── Material provided ──
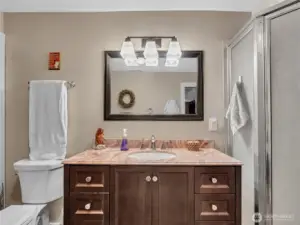Primary Bathroom Downstairs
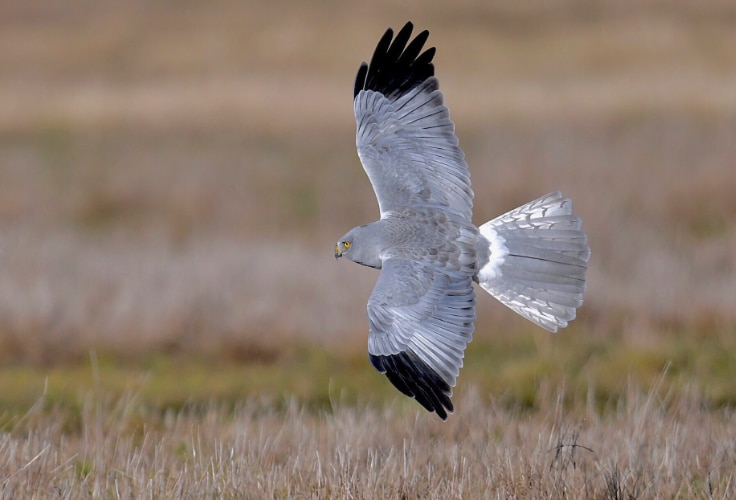 Male Hen Harrier in low-level flight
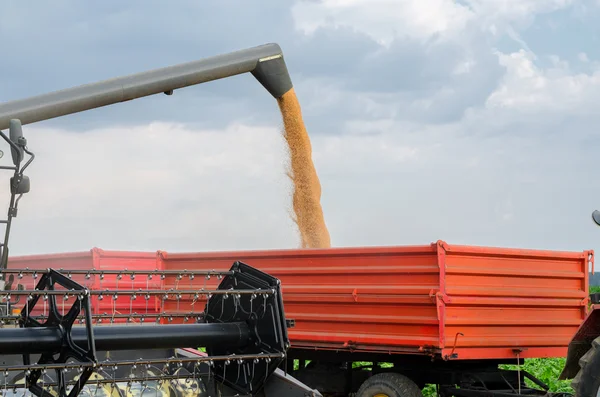 Harvester combine pouring wheat seeds in tractor trailer — Stock Photo, Image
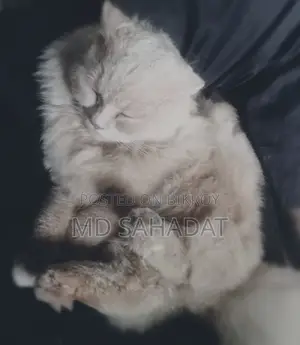 😻 Cute Persian Cat For Sale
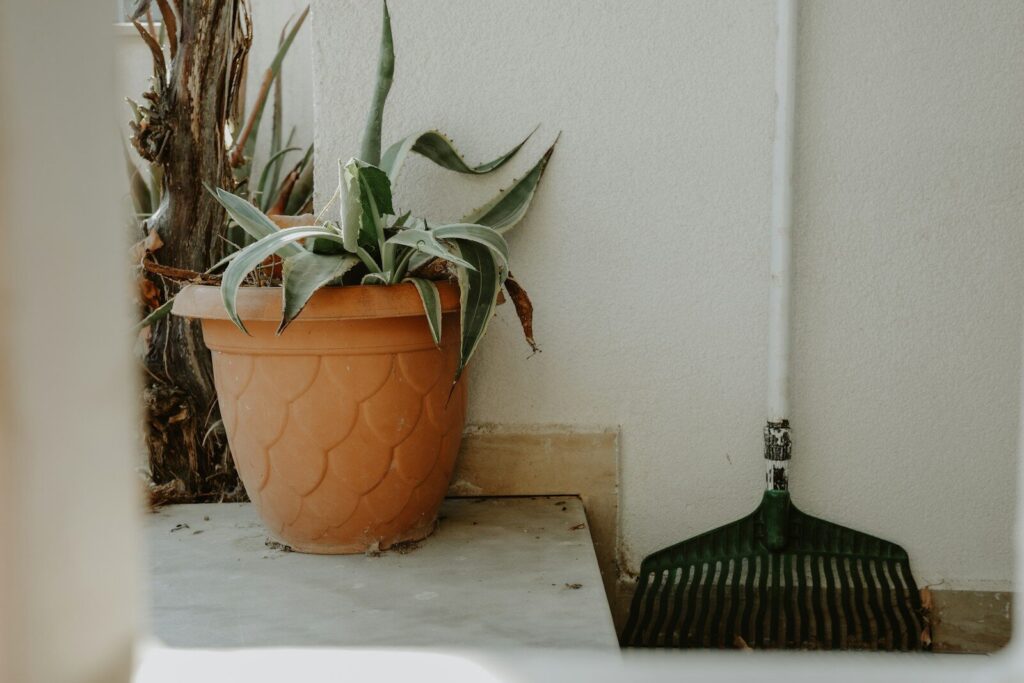 Potted plant and rake leaning against wall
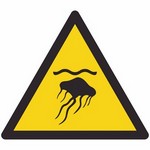 ISO 7010 W069 Warning: Jellyfish sign — Warning / Hazard safety pictogram
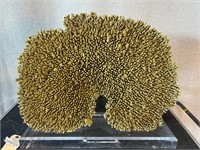 Large Fake Dried Coral on Lucite Base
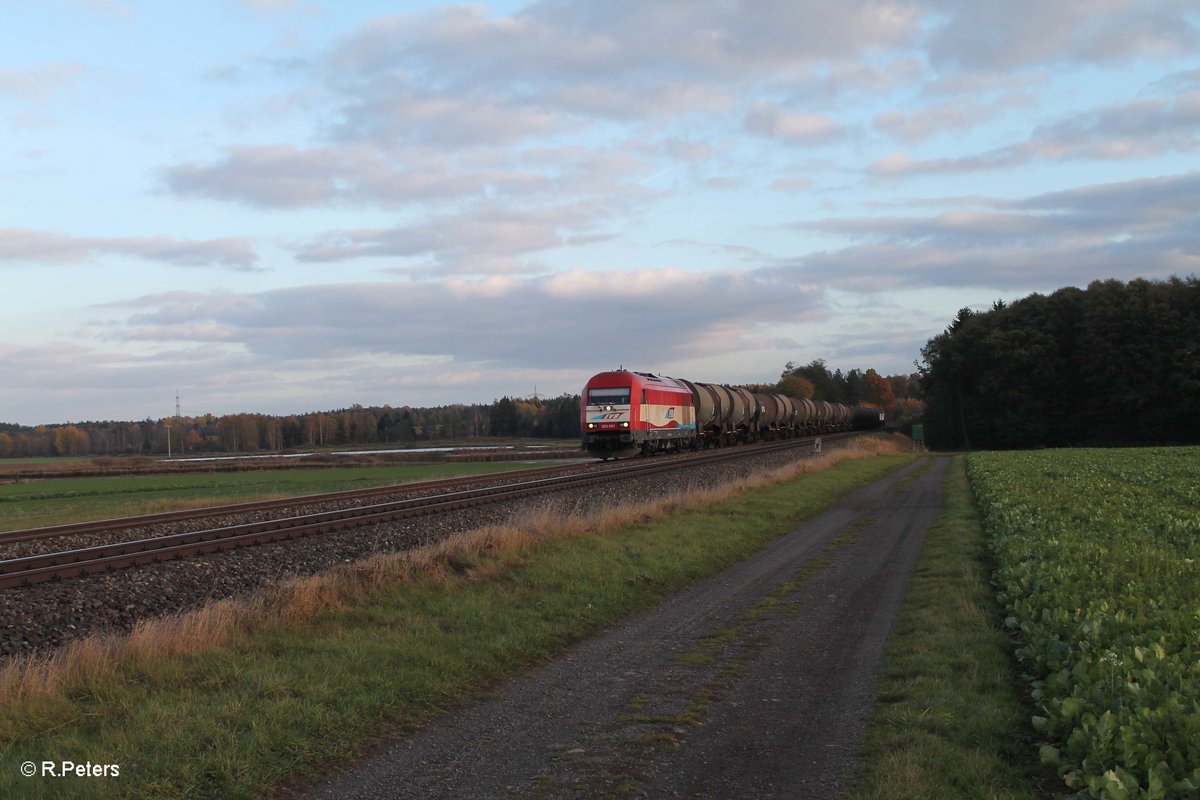 223 031 mit dem DGS95177 nach Marktredwitz bei Oberteich. 29.10.16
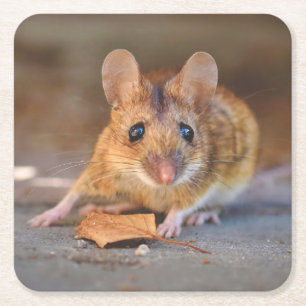 Zeer koude muis in de set Wilde Onderzetters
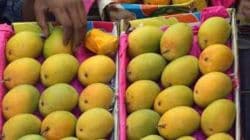 कर्नाटक हापूसचा हंगाम अखेरच्या टप्प्यात
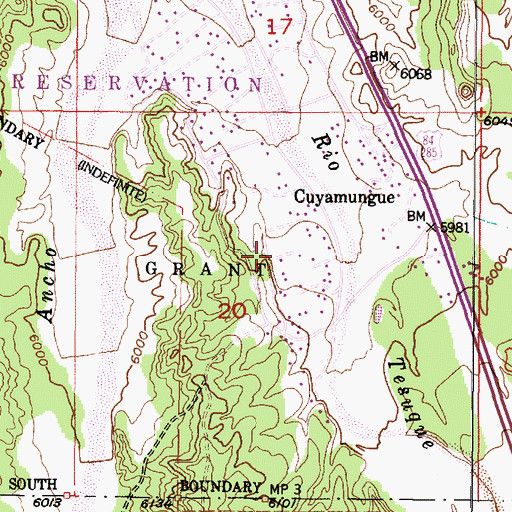 Topographic Map of Cuyamungue Census Designated Place, NM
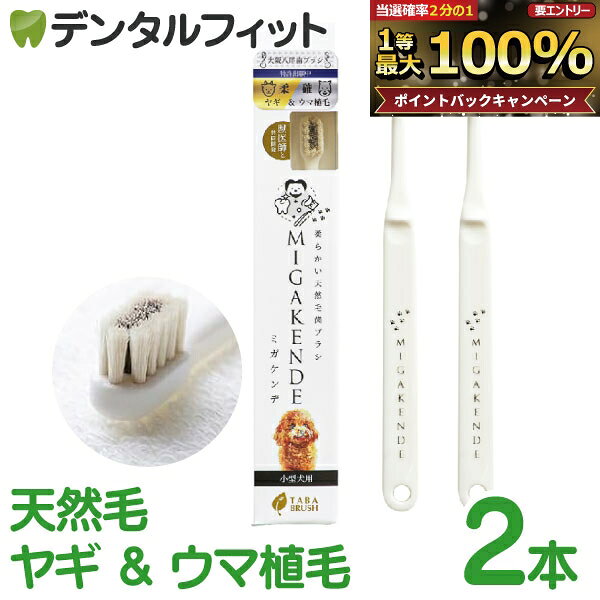 ミガケンデ MIGAKENDE 柔らかい天然毛歯ブラシ 小型犬用 ヤギ＆ウマ植毛 柔らか＋磨き心地 2本セット 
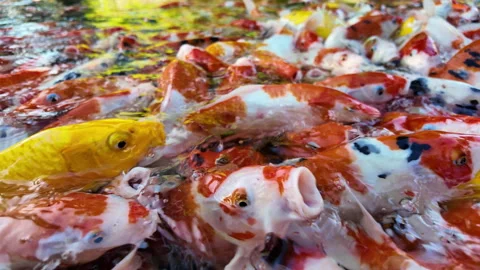 Numerous koi fish are crammed into the pond, waiting to be fed. Stock Footage 330274525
───
Directions: Exclude every picture and restate the listing word for word.

Answer section:
Primary Bathroom Downstairs
 Male Hen Harrier in low-level flight
 Harvester combine pouring wheat seeds in tractor trailer — Stock Photo, Image
 😻 Cute Persian Cat For Sale
 Potted plant and rake leaning against wall
 ISO 7010 W069 Warning: Jellyfish sign — Warning / Hazard safety pictogram
 Large Fake Dried Coral on Lucite Base
 223 031 mit dem DGS95177 nach Marktredwitz bei Oberteich. 29.10.16
 Zeer koude muis in de set Wilde Onderzetters
 कर्नाटक हापूसचा हंगाम अखेरच्या टप्प्यात
 Topographic Map of Cuyamungue Census Designated Place, NM
 ミガケンデ MIGAKENDE 柔らかい天然毛歯ブラシ 小型犬用 ヤギ＆ウマ植毛 柔らか＋磨き心地 2本セット 
 Numerous koi fish are crammed into the pond, waiting to be fed. Stock Footage 330274525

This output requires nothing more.